I tre nuovi Ospedali di Comunità mettono complessivamente a disposizione 45 posti letto, dedicati a pazienti clinicamente stabilizzati che necessitano di assistenza infermieristica continuativa, monitoraggio clinico, riabilitazione e continuità delle cure tra ospedale e territorio. Gli spazi sono stati progettati secondo i criteri previsti dal DM 77, con camere attrezzate, aree comuni, palestre riabilitative, postazioni infermieristiche centrali e percorsi assistenziali completamente informatizzati e integrati con il Fascicolo Sanitario Elettronico.
“L’inaugurazione di oggi è il risultato di un importante lavoro di squadra, per il quale desidero ringraziare tutte le persone coinvolte. Ringrazio in primo luogo Regione Lombardia per il costante sostegno, tutti i professionisti della nostra ASST, i tecnici, i progettisti e tutti quelli che hanno contribuito alla realizzazione di queste strutture. Grazie al loro impegno costante, abbiamo consegnato ai cittadini nuovi spazi di cura moderni e funzionali, che rafforzano la rete dei servizi territoriali e confermano l’impegno della nostra ASST nel garantire un’assistenza sempre più vicina alle persone”, dichiara Maria Grazia Colombo, Direttore Generale di ASST Fatebenefratelli Sacco.
“La nascita delle case e degli Ospedali di Comunità rappresenta una vera e propria pietra miliare nella storia della sanità territoriale”, aggiunge Enrico Frisone, Direttore Sociosanitario. “Le Case di Comunità consentono di sviluppare percorsi assistenziali integrati, valorizzando il ruolo dei medici di medicina generale, dei professionisti sanitari e della rete sociosanitaria, mentre gli Ospedali di Comunità garantiscono un fondamentale livello intermedio di assistenza, rafforzando la continuità delle cure”.
“Oggi – ha spiegato Bertolaso – inauguriamo tre nuove case di comunità e due nuovi ospedali di comunità: di fatto abbiamo preso atto che oltre 20 milioni di euro che erano stati stanziati con il Pnrr sono stati utilizzati. Si tratta di strutture che già funzionano ed erogano servizi. Ora dobbiamo integrare queste strutture nella rete dell’assistenza sanitaria, territoriale e ospedaliera di tutta l’area metropolitana di Milano. È un lavoro continuo che richiede grande impegno, partecipazione di tutti e anche la nostra capacità di comunicare e di rendere tutti i cittadini consapevoli dei tanti servizi che hanno a disposizione”, afferma Guido Bertolaso, Assessore al Welfare di Regione Lombardia.

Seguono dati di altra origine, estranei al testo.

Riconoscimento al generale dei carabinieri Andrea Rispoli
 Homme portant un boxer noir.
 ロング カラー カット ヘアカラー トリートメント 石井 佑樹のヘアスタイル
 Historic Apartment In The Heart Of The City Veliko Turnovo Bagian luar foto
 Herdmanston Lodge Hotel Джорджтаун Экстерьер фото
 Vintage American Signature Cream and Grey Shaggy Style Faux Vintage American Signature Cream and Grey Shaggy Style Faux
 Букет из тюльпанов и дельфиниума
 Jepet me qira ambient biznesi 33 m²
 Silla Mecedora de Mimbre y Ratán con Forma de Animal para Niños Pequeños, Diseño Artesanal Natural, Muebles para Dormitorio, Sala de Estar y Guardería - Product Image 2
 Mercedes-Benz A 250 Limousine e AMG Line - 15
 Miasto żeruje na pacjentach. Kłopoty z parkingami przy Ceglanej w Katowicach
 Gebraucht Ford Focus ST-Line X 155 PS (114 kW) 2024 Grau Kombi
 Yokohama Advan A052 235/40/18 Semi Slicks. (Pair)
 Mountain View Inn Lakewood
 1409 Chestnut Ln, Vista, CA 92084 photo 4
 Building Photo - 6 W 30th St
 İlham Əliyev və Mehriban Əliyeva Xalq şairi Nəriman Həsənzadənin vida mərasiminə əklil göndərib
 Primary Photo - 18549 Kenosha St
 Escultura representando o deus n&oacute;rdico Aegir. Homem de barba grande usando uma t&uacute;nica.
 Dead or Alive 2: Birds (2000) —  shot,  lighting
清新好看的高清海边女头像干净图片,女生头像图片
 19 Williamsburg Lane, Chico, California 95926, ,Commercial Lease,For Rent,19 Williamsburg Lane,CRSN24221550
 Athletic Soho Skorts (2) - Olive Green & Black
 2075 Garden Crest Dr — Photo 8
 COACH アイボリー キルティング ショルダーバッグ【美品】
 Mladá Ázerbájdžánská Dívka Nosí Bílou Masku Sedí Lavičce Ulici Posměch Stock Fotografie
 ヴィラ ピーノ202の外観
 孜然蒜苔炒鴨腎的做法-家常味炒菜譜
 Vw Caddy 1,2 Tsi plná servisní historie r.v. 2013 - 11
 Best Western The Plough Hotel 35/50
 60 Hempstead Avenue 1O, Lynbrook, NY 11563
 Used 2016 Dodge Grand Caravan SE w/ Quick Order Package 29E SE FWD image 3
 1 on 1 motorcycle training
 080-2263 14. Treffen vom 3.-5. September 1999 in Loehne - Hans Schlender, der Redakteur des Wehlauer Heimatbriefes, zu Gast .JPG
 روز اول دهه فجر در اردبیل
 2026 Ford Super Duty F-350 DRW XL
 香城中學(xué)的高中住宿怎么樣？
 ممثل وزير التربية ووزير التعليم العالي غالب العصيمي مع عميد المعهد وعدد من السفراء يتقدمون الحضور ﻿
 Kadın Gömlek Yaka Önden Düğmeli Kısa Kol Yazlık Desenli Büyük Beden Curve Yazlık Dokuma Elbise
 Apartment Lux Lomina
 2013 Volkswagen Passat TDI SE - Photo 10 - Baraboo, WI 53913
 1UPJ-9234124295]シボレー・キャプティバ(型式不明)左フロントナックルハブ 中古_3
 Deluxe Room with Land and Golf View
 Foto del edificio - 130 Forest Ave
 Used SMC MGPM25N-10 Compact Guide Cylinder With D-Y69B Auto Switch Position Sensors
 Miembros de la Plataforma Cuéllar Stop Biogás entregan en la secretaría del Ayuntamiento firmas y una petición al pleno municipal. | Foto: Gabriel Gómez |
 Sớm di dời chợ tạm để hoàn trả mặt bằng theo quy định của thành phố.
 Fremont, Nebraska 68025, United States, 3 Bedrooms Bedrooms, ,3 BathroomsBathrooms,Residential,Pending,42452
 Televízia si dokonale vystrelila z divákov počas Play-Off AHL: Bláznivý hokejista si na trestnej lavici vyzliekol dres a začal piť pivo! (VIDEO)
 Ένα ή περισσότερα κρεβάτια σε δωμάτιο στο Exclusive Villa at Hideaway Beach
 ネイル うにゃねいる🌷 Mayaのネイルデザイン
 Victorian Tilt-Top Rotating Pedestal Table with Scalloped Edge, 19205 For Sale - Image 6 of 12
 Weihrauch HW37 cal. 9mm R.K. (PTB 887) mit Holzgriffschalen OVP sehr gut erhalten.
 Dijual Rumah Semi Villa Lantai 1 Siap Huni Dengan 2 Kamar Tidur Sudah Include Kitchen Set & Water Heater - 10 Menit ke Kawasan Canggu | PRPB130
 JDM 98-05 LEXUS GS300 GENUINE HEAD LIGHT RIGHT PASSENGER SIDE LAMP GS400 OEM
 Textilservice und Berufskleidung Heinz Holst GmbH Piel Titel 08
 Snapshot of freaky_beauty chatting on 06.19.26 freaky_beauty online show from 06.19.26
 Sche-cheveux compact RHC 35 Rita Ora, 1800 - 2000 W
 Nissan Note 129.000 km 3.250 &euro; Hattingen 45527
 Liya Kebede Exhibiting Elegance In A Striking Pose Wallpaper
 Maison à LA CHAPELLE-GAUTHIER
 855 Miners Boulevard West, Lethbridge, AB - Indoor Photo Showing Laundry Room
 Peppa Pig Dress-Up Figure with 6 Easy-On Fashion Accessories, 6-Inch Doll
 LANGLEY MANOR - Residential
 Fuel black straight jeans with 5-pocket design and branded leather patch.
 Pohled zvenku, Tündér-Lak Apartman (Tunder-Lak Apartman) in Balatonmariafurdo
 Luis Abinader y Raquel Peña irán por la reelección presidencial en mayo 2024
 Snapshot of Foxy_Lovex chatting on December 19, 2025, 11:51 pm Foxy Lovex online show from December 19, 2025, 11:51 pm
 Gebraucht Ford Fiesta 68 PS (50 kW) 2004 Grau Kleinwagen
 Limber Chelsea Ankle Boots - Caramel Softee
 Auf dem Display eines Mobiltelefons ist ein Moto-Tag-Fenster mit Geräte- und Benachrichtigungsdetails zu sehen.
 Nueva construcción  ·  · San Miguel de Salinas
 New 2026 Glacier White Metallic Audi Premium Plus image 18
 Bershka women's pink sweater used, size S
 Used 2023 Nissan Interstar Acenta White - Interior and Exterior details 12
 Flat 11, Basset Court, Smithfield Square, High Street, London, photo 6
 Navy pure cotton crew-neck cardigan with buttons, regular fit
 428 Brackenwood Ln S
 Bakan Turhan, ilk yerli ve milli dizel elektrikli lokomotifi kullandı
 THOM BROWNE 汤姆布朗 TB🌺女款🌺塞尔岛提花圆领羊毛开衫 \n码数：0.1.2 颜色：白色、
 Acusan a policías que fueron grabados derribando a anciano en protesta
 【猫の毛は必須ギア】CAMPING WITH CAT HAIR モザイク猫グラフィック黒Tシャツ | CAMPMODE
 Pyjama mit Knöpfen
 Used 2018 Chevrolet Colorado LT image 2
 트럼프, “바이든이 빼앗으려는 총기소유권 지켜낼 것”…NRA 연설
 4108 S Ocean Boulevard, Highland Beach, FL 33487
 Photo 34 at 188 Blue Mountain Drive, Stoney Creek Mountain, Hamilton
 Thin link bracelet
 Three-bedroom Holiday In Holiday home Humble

Con queste nuove attivazioni, ASST Fatebenefratelli Sacco consolida una rete di assistenza territoriale che si estende in cinque Distretti di Milano (Municipi 1, 2, 3, 4 e 8), garantendo un’offerta capillare di servizi sanitari e sociosanitari a una vasta parte della popolazione cittadina. Il prossimo obiettivo sarà attivare una campagna di informazione volta a far conoscere sempre più diffusamente ai cittadini le opportunità offerte dalle Case e dagli Ospedali di Comunità: dai servizi di prossimità alla presa in carico dei pazienti cronici e fragili, dall’assistenza domiciliare alla prevenzione, fino ai percorsi di continuità delle cure.